Your company launches a new product and sales are a complete disaster. Who is to blame? If your company is like most, marketing will blame sales for their unwillingness to champion products with which they’re not familiar and sales will blame customers for resisting innovation and their unwillingness to be early adopters. Who’s right? Neither, says Stephanie Woods, VP sales operations at Huthwaite, a Sterling, VA-based company that works with sales organizations on sales performance effectiveness (www.huthwaite.com).

The problem with most new product launches is that too many organizations use a product-centered launch style that emphasizes the new product’s whiz-bang features and forces reps to memorize and sell those features. Instead, says Woods, companies need to switch to a problem-centered launch – a method that resulted in 54% higher sales at one company Huthwaite studied. Here are four steps sales managers can take to make that switch and boost the sales of new products.

  1. Work with the marketing department to ensure the product is launched in terms of its problem-solving capabilities. Rather than asking for a list of new features, ask for a list of reasons each new feature matters to customers, how each feature solves customers’ problems and the titles or positions of customers who are most likely to have those problems.
  2. When coaching your sales reps, make sure their call plans are designed to address the specific needs of each customer. Don’t let them throw all 40 features at every prospect. Ensure that they match specific product capabilities to the problems customers encounter based on their position.
  3. Instead of asking your sales reps to practice product pitches or memorize feature lists, conduct team meetings to talk about the new product in terms of questions reps should be asking customers.
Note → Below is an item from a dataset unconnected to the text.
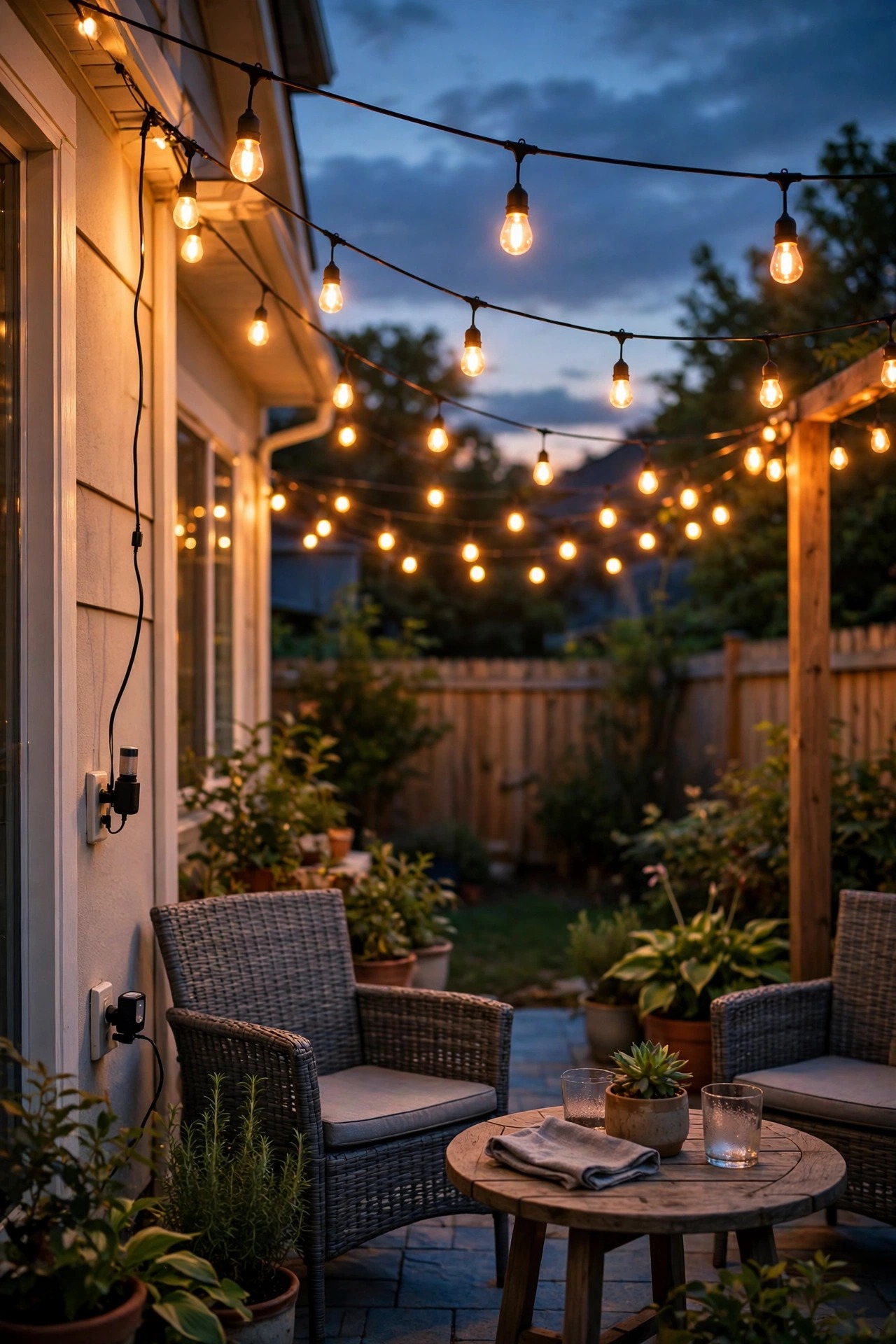 Photorealistic evening view of warm string lights glowing over a suburban patio seating area, plugged into a wall outlet with a small photocell adapter, dusk sky above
Take each feature and reverse-engineer it into a question, and make sure you come up with different questions for different types of prospects. A CFO will care about different things than an operations manager. The goal should be to devise a list of questions reps can use for each call.
  4. During post-call debriefs, make sure you debrief in terms of problems customers have instead of features reps pushed. Rather than asking reps whether they told prospects about the whirligig interface, ask what kinds of problems the prospects were experiencing with their current product. This last step is a critical reinforcement of the problem-centric launch approach, says Woods. “If you do steps one through three but not four, you’ve undone all your efforts to focus on problems instead of features,” she says.